What is needed: Repeat exactly the opening lines of the records, ending with the line that contains "Desktop Magnetic Pump".

___ Data extracts ___

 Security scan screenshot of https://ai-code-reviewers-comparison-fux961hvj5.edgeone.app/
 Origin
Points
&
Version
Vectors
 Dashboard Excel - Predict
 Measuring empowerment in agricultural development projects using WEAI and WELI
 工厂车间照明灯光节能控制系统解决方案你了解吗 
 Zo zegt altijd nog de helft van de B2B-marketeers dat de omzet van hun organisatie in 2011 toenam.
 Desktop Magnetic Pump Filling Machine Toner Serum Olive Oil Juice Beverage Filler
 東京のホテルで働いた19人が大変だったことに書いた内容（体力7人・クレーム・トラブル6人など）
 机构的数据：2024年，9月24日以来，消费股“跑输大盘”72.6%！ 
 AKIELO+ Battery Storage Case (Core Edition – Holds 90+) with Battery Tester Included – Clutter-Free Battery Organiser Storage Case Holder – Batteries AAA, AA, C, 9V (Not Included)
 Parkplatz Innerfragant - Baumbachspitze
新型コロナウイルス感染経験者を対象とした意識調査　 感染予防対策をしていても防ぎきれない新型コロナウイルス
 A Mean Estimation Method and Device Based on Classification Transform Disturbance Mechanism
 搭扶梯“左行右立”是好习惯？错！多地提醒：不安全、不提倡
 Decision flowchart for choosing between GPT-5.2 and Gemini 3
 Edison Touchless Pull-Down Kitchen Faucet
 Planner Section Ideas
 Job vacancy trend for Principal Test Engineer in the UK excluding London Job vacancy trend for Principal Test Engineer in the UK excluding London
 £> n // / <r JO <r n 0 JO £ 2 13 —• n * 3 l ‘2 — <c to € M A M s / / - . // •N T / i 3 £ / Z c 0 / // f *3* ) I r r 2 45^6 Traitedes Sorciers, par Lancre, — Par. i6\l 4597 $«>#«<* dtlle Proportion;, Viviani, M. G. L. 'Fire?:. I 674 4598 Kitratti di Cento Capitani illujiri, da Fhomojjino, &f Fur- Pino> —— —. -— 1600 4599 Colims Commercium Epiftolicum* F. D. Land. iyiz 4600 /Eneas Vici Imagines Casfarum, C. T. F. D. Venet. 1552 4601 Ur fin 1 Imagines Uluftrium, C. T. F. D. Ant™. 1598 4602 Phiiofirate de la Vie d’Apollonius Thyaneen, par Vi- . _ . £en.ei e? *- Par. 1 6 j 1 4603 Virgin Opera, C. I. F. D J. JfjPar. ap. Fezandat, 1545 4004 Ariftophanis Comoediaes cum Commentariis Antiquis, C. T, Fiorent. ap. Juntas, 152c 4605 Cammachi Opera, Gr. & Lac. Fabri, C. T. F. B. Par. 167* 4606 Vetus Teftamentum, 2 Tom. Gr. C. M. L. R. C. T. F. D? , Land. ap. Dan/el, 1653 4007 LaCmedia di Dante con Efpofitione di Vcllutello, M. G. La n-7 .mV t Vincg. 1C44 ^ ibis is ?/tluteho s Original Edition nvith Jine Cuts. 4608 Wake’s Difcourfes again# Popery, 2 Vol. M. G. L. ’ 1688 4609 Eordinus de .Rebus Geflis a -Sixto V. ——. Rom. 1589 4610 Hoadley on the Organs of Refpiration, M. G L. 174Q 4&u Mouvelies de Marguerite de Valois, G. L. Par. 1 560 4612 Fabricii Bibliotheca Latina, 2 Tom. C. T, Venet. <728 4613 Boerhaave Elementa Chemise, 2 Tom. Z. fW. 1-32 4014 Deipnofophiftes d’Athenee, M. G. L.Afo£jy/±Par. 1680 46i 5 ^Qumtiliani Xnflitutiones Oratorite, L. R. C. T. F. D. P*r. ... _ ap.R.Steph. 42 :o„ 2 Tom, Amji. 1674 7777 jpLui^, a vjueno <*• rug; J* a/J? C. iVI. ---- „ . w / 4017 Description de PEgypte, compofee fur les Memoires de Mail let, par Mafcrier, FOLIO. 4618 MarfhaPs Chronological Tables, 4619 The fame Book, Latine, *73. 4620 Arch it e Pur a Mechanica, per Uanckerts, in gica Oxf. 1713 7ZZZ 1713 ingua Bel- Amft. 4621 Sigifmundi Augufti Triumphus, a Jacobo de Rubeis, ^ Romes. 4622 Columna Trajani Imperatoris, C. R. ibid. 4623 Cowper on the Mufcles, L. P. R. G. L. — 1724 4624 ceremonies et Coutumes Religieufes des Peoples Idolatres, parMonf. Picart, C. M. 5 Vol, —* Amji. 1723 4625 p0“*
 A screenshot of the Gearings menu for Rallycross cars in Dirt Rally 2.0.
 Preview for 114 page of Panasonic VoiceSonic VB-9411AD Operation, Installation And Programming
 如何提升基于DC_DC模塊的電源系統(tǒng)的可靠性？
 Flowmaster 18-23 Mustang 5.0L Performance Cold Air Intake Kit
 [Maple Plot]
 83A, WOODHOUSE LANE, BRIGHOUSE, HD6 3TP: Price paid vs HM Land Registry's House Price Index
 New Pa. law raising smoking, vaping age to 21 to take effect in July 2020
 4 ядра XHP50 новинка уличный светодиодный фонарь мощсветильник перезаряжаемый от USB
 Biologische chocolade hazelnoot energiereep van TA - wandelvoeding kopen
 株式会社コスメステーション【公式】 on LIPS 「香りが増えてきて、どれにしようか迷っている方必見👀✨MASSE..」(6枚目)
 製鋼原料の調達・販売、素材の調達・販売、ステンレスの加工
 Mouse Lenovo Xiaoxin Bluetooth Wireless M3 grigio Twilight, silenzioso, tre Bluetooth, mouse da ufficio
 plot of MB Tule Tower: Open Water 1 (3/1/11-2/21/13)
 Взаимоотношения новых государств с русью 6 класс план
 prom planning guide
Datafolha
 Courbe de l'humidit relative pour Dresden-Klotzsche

___

Solution for this task:
 Security scan screenshot of https://ai-code-reviewers-comparison-fux961hvj5.edgeone.app/
 Origin
Points
&
Version
Vectors
 Dashboard Excel - Predict
 Measuring empowerment in agricultural development projects using WEAI and WELI
 工厂车间照明灯光节能控制系统解决方案你了解吗 
 Zo zegt altijd nog de helft van de B2B-marketeers dat de omzet van hun organisatie in 2011 toenam.
 Desktop Magnetic Pump Filling Machine Toner Serum Olive Oil Juice Beverage Filler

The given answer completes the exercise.